## Data provided
========

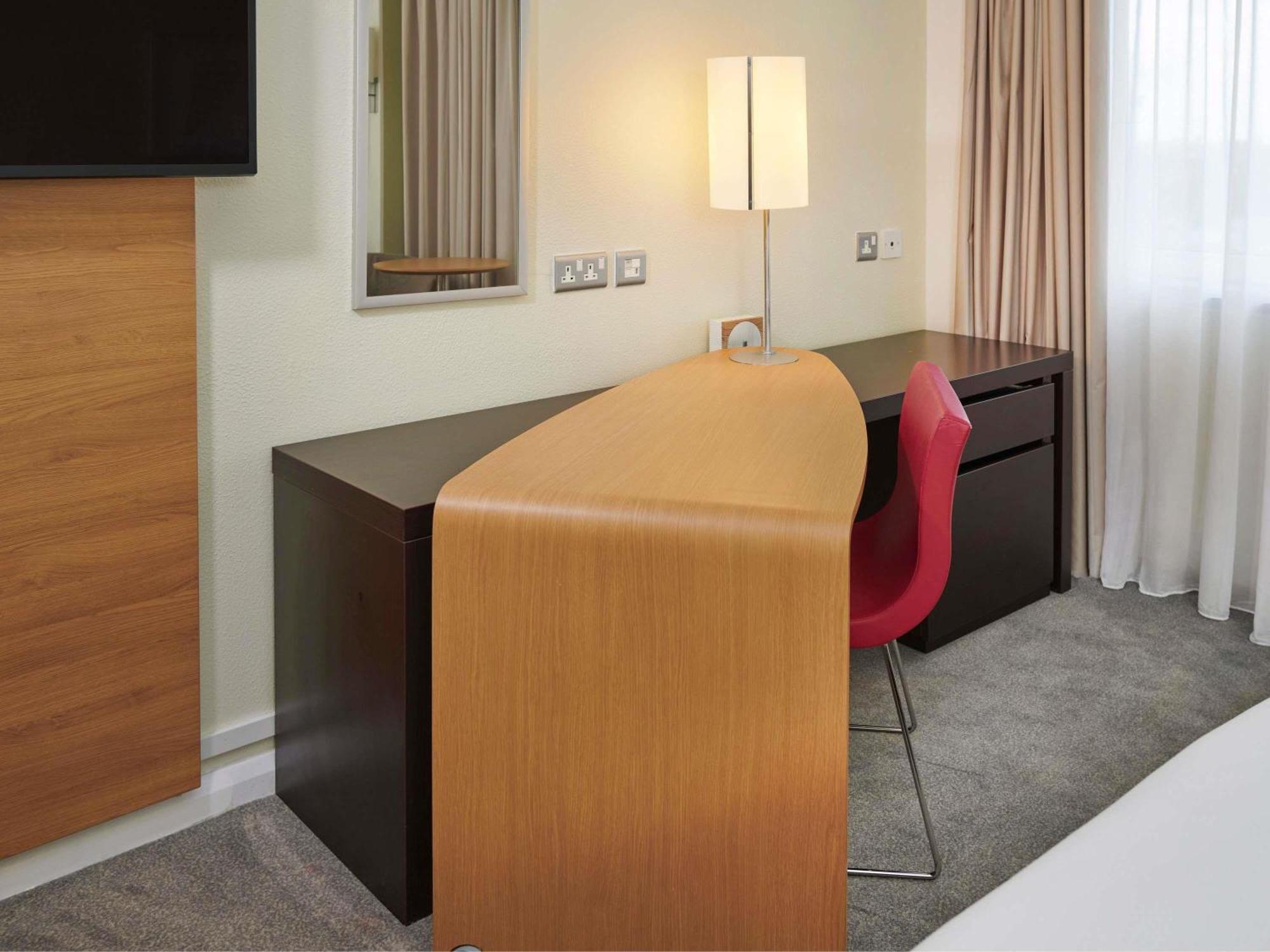 Superior Room One Queen Bed One Single Bed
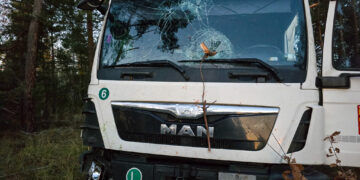 Lkw kracht auf Stauende: Schwerer Unfall auf der A13 bei Schwarzheide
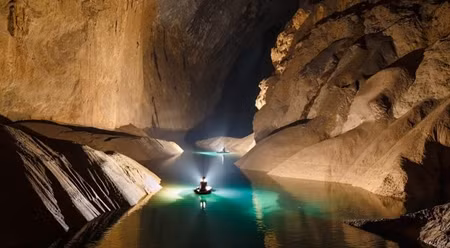 游客在山洞窟里划船探险。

========

## Work instructions
Copy the listing above verbatim; the pictures it contains are to stay out.

## Completed task
 Superior Room One Queen Bed One Single Bed
 Lkw kracht auf Stauende: Schwerer Unfall auf der A13 bei Schwarzheide
 游客在山洞窟里划船探险。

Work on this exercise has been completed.